• WORK REQUIRED: Using the records below, copy every line that holds the string "Toyota".

Start of RECORDS SHOWN

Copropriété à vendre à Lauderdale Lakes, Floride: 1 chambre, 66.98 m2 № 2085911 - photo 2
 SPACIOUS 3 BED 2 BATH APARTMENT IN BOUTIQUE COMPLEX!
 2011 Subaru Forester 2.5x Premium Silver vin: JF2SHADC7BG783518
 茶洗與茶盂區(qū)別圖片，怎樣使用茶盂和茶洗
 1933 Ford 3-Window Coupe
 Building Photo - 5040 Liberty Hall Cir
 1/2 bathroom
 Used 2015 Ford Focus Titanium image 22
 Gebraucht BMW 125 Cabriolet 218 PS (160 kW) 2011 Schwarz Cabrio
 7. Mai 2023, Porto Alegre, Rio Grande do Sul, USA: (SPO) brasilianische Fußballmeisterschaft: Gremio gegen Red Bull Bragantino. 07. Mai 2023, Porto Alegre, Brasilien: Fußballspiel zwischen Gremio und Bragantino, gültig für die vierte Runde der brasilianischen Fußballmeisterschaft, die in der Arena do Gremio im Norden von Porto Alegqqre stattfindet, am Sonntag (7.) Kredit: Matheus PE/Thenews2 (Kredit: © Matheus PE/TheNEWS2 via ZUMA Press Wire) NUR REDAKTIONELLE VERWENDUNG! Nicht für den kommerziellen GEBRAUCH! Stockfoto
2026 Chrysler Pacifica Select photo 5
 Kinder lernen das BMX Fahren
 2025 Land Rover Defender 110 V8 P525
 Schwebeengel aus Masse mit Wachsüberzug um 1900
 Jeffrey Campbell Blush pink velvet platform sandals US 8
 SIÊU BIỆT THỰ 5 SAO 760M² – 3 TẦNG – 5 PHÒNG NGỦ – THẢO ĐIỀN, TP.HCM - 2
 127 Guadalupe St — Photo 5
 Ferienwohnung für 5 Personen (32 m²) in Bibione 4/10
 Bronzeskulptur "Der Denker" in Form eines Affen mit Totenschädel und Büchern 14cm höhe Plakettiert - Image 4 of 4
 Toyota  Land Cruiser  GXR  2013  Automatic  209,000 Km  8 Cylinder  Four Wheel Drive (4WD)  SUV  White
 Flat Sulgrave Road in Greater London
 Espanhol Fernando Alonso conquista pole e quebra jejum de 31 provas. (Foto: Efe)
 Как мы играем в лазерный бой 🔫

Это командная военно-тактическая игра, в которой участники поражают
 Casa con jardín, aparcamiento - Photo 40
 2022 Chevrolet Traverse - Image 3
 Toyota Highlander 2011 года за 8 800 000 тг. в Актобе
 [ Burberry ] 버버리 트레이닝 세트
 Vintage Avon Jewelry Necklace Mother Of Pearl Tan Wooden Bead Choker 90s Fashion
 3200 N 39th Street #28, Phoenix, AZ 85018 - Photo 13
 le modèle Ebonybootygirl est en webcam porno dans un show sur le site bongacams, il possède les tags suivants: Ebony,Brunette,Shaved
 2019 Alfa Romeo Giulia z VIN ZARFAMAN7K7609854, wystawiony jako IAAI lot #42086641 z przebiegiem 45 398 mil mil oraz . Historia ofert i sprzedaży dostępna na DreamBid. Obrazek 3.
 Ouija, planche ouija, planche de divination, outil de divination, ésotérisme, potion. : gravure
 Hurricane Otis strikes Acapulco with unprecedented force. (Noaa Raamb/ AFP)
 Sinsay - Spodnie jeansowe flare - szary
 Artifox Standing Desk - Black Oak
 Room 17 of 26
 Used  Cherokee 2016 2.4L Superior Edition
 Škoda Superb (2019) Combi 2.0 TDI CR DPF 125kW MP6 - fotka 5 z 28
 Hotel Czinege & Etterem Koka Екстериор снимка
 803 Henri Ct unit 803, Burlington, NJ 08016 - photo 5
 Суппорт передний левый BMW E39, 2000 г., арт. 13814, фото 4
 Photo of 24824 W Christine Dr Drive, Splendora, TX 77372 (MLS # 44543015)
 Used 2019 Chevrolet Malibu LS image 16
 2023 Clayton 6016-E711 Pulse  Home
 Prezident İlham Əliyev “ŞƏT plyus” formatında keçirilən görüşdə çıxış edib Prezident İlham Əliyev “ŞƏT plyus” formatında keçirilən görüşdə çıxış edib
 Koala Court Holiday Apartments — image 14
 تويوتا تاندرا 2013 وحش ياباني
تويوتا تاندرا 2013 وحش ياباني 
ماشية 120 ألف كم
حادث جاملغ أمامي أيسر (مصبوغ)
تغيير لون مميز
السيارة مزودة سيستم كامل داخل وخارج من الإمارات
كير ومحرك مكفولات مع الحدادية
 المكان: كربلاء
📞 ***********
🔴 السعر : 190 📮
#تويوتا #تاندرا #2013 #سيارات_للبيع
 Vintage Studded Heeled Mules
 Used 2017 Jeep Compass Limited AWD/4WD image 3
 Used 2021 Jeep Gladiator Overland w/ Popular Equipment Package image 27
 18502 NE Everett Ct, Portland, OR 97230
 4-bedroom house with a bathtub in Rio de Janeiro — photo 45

End of RECORDS SHOWN

• RESULT FOR THIS TASK:
 Toyota  Land Cruiser  GXR  2013  Automatic  209,000 Km  8 Cylinder  Four Wheel Drive (4WD)  SUV  White
 Toyota Highlander 2011 года за 8 800 000 тг. в Актобе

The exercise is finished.